_The task:_ Print only the lines running from the line with "Centralina Amplificatore Acustico" to the final line below, both included, exactly as written and without the pictures.

_Extracted entries:_
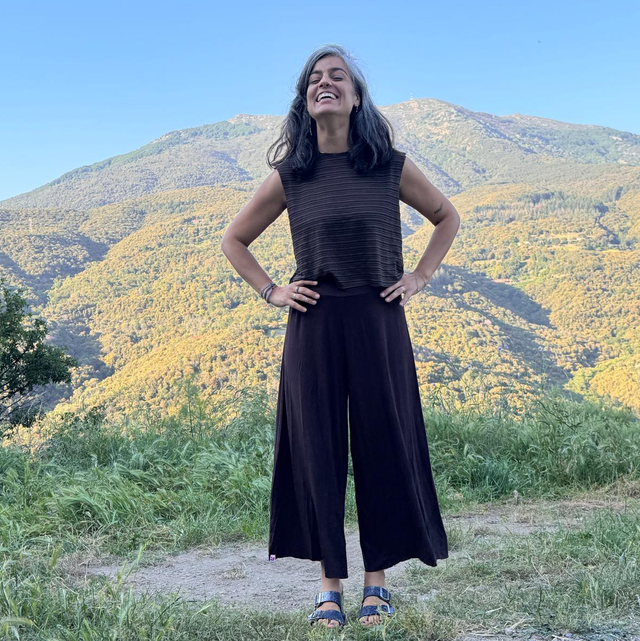 Pantalón marrón oscuro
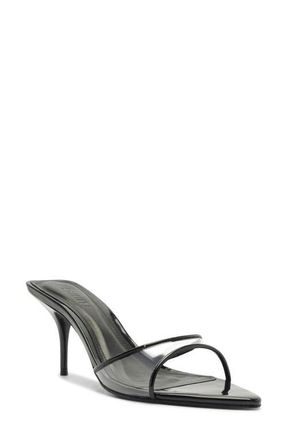 Schutz Elodie Sandal in Transparente/Black at Nordstrom, Size 10.5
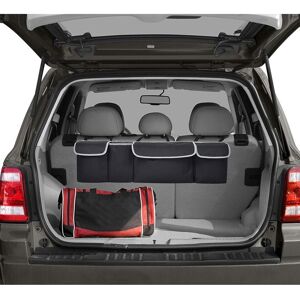 AUTOYOUTH Car Trunk Organizer Backseat Storage Bag High Capacity Multi-use Oxford Cloth Black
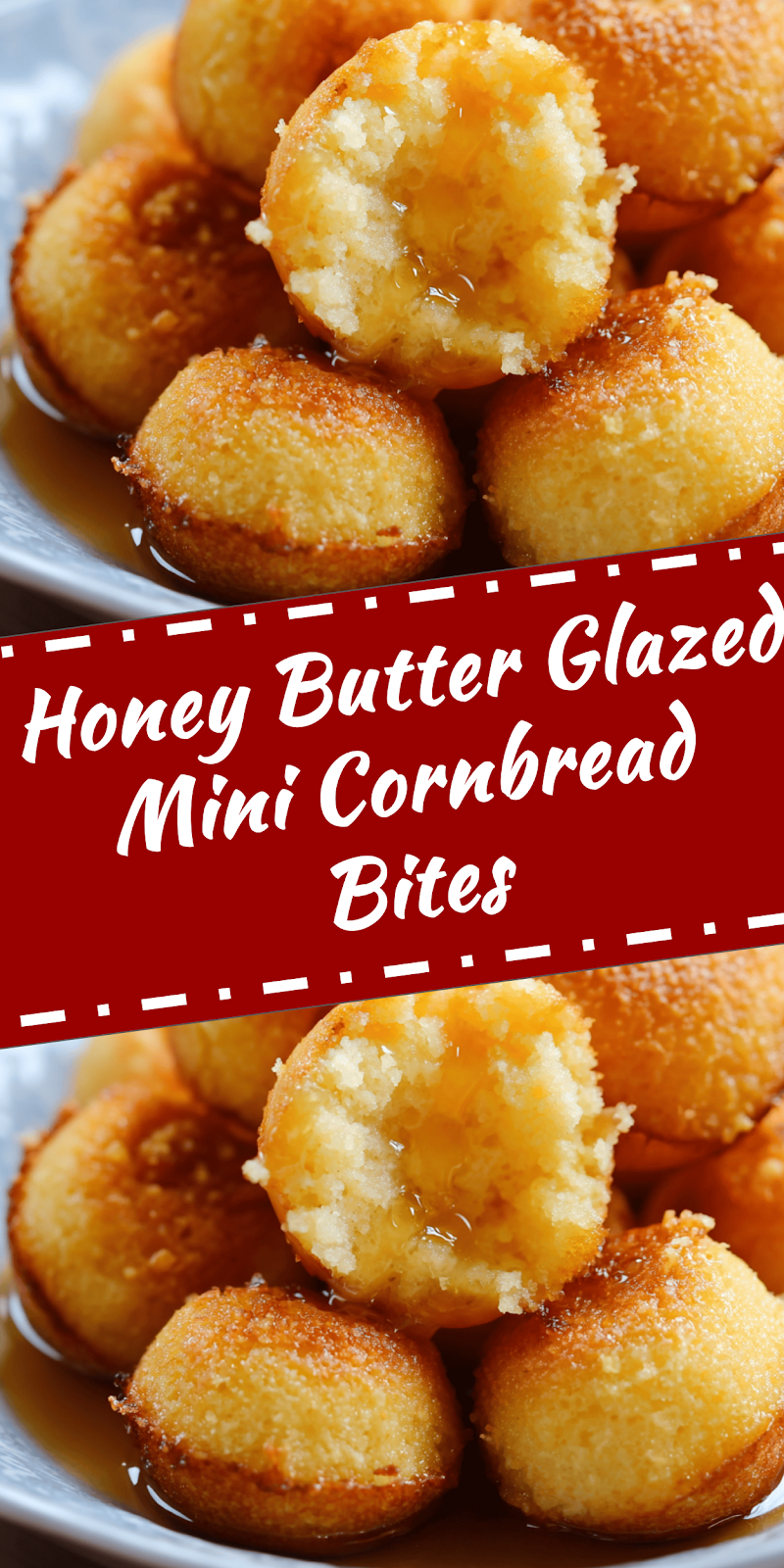 Honey Butter Mini Cornbread Bites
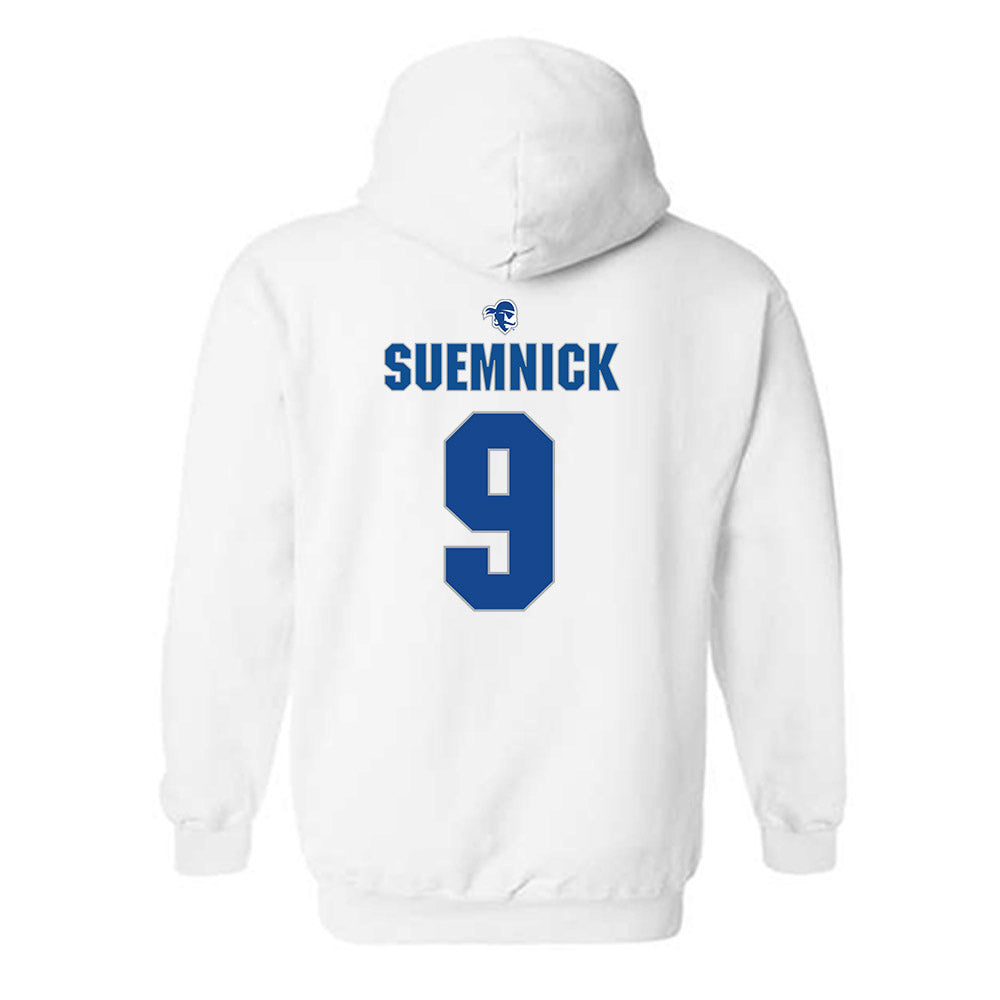 Seton Hall - NCAA Men's Basketball : Patrick Suemnick - Fashion Shersey Hooded Sweatshirt-1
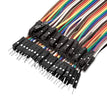 Câble Jumper 3 x 40 pcs. chacun 20 cm M2M/ F2M / F2F compatible avec Arduino et Raspberry Pi Breadboard
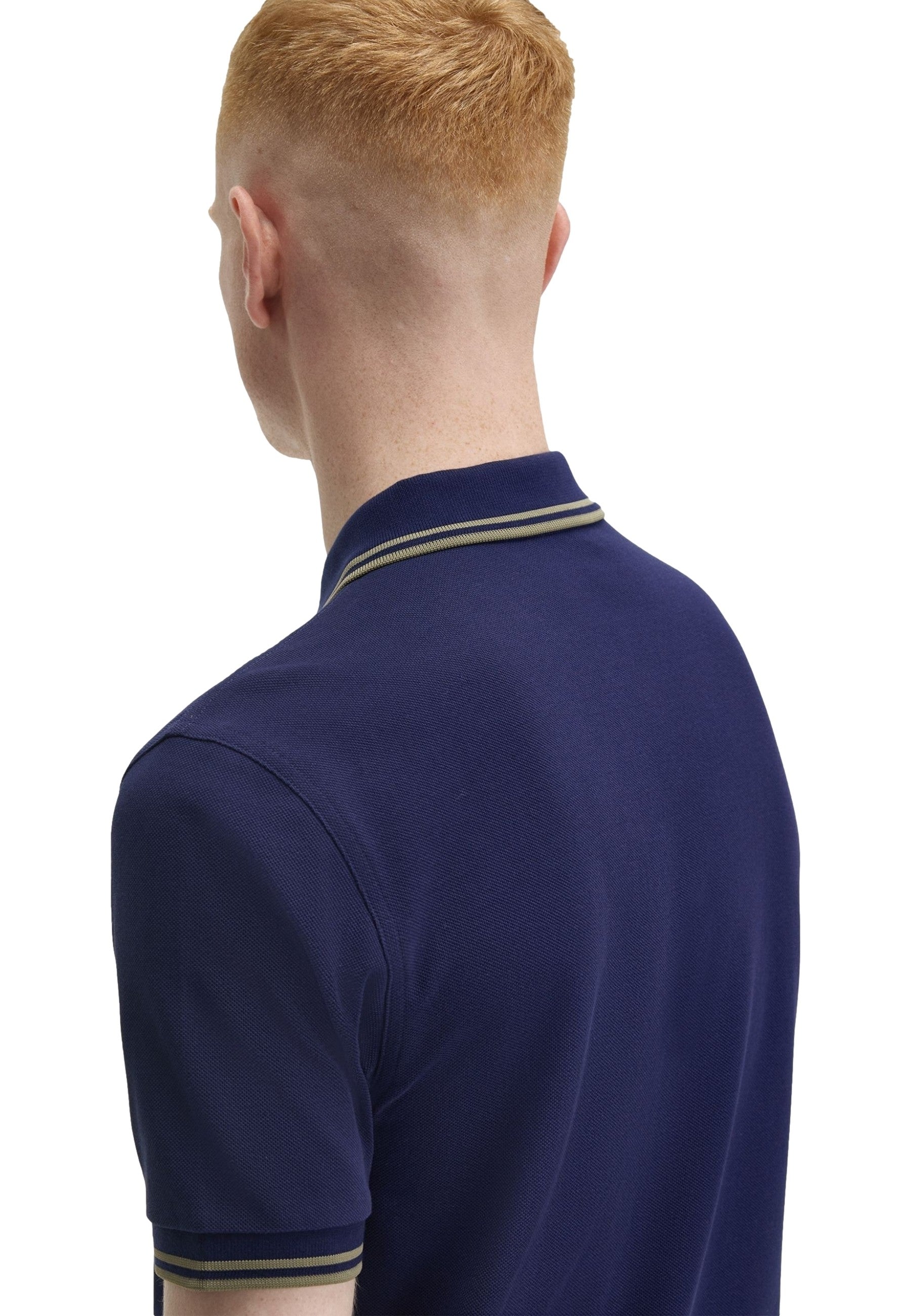 POLO FRED PERRY MARINO/VERDE TWIN TIPPED SHIRT
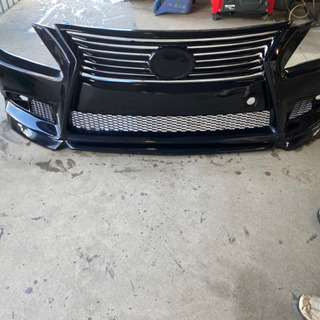 (Y)LS460バンパー前期(後期仕様バンパー レクサス LS 前期用 後期仕様バンパー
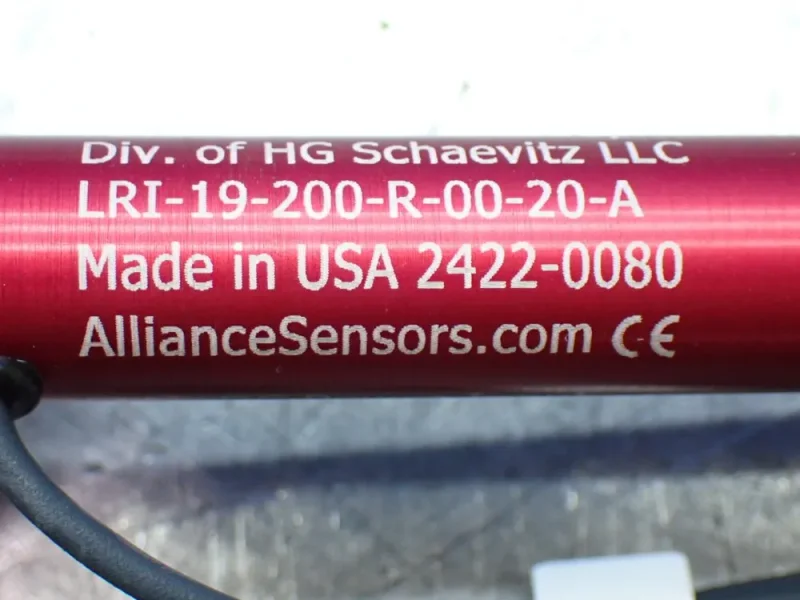ALLIANCE SENSORS GROUP 2 LINEAR VARIABLE INDUCTIVE TRANSDUCER POSITION SENSORS  -  LRI-19-200-R-00-20-A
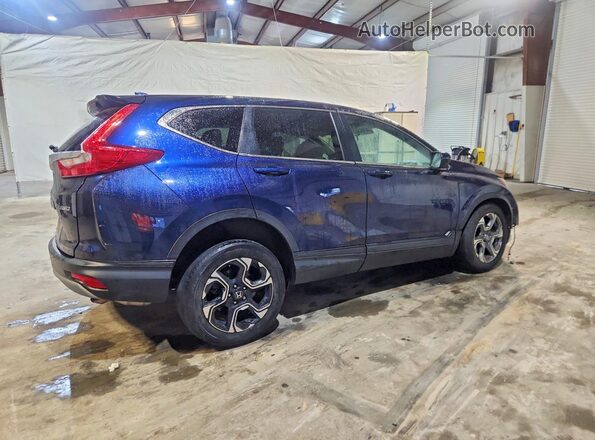 2HKRW2H53KH624446 2019 HONDA CR-V Blue Trasero derecho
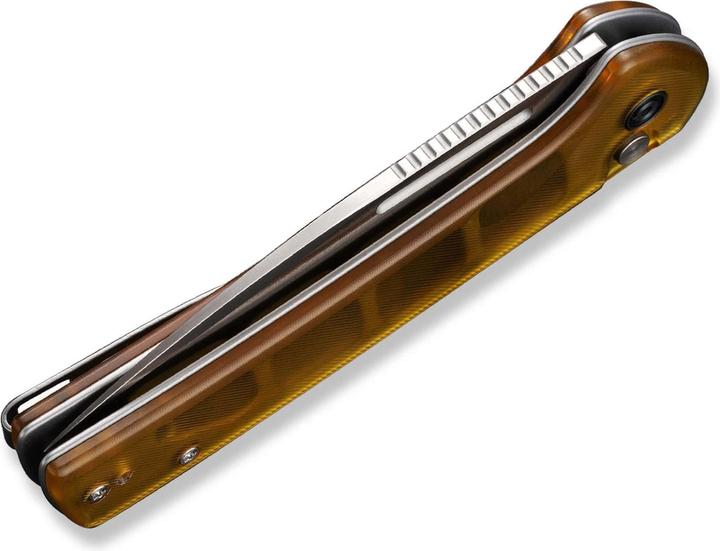 Actual product image Civivi Conspirator Button Lock Ultem Amber (8.80 cm)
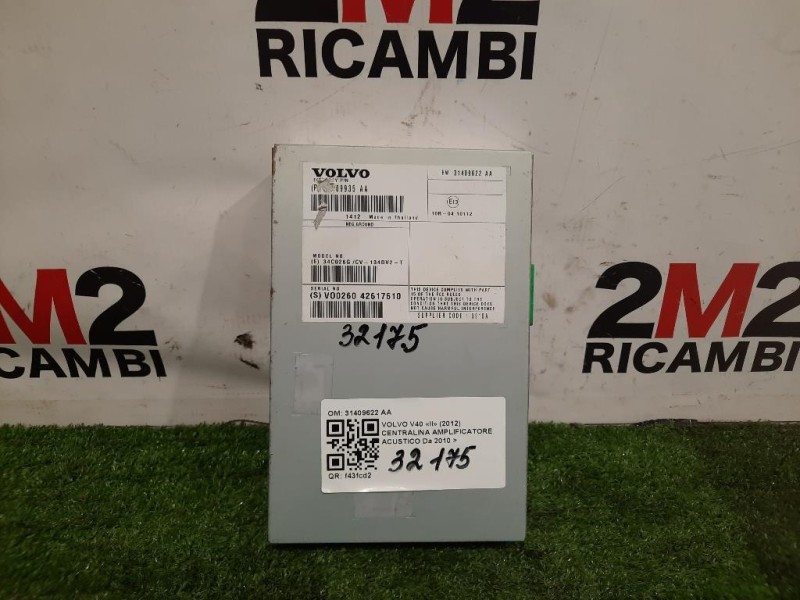 Centralina Amplificatore Acustico 31409622 AA Volvo V40 II 2012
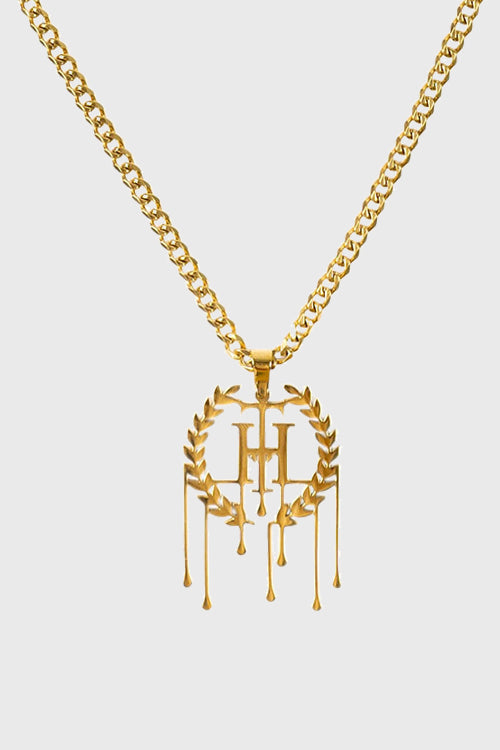 Dripping Essentials Pendant & Mini Cuban Chain - The Hideout Clothing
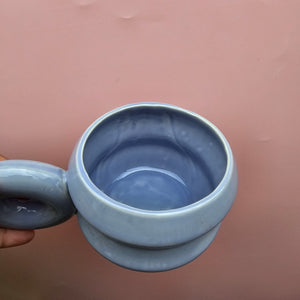MOONSTONE ANGLES DONUT MUG *SECONDS
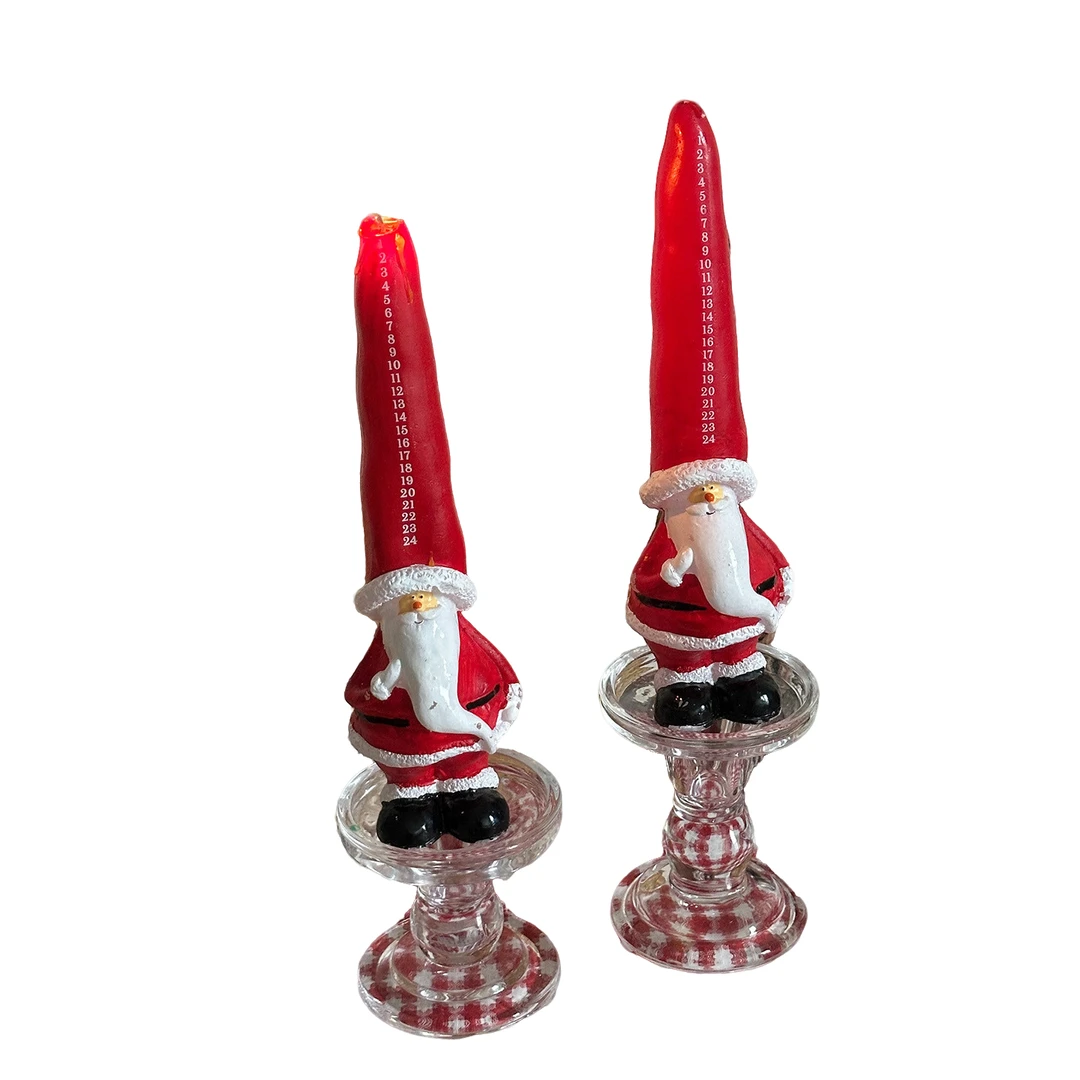 圣诞节场景布置装饰品氛围感耶诞老人蜡烛装扮店铺家用摆件小礼物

_Your solution:_
 Centralina Amplificatore Acustico 31409622 AA Volvo V40 II 2012
 Dripping Essentials Pendant & Mini Cuban Chain - The Hideout Clothing
MOONSTONE ANGLES DONUT MUG *SECONDS
 圣诞节场景布置装饰品氛围感耶诞老人蜡烛装扮店铺家用摆件小礼物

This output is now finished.